# Hello, and no I'm not Bird-Nerd.



## LaggyMcLagLag (Jun 30, 2007)

Hi, I am new here. If you think I'm bird-nerd, well i'm not.
my uncle Russ was visiting for awhile because aunt Shanon kicked him out for smoking or whatever. he told me he wanted to start an account at this sight so I let him use my e-mail. when I came to this sight to see what it was about I thought it was pretty cool, so I made an account. since my uncle left, he doesn't have access to the internet anymore, not at his house anyways (I think). So Bird-Nerd is banned, I am a different person, we just have the same e-mail, IP and blah blah blah.
I mostly do racing games, but I'm beginning to play IL-2 and call of duty more often. Half of my Half of my knowledge of WWII comes from games and the other half is from books and the history channel. If i'm not in my house wasting my life watching TV or being on the computer, then i'm usually hiking in the woods. I'm not sure if I'm "mentally damaged" or not because recently I fell ten feet from rock onto rock and banged my head really hard. I live in La Pine Oregon, We don't have an Airport, or a trainstation, or much of anything. we have a taco bell, Dairy queen and an A&W which are the highpoints of the town. I've hiked to the top of Wampus Hill, which is really more like a butte, and also pringle butte, which is more like a hill. My most valuable possessions are my bike, my copy of IL2 1946, and my buck knife.
And I hate myspace.


----------



## FLYBOYJ (Jun 30, 2007)

So does that mean your not going to bullsh!t any of us about flying Yaks or even Stearmans? There are many of us here who are pilots, maintainers, historians and engineers and we know when a "wanna-bee" tries to throw the BS flag on this forum.

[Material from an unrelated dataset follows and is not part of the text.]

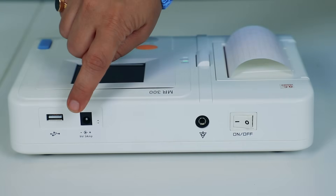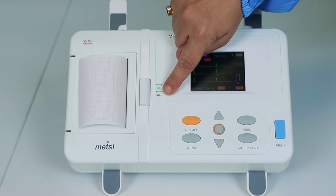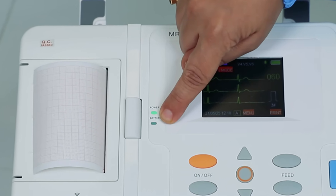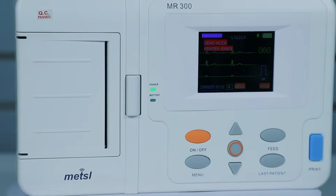And finally, to keep your device powered for extended use, simply connect the provided power adapter. The battery indicator on the screen will show its charging status, ensuring you're always ready for your next patient.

As far as your other issues - who cares?!?!


----------



## DerAdlerIstGelandet (Jun 30, 2007)

Yeap because those posts had BS written all over them....


----------



## LaggyMcLagLag (Jun 30, 2007)

I just read the post and no he never flew anything.


----------



## FLYBOYJ (Jun 30, 2007)

We know...


----------



## DerAdlerIstGelandet (Jun 30, 2007)

The thing is you cant Bullshit a Bullshitter, especially on this site.

There are so many of us here that are pilots, maintainers, ex-military, current military and just plain serious aircraft fanatics.

We can smell BS a mile away....


----------



## LaggyMcLagLag (Jun 30, 2007)

DerAdlerIstGelandet said:


> The thing is you cant Bullshit a Bullshitter, especially on this site.



What?


----------



## DerAdlerIstGelandet (Jun 30, 2007)

LaggyMcLagLag said:


> What?



Whoever wants to bullshit and make up stories will not get away with it 9 out of 10 times here.


----------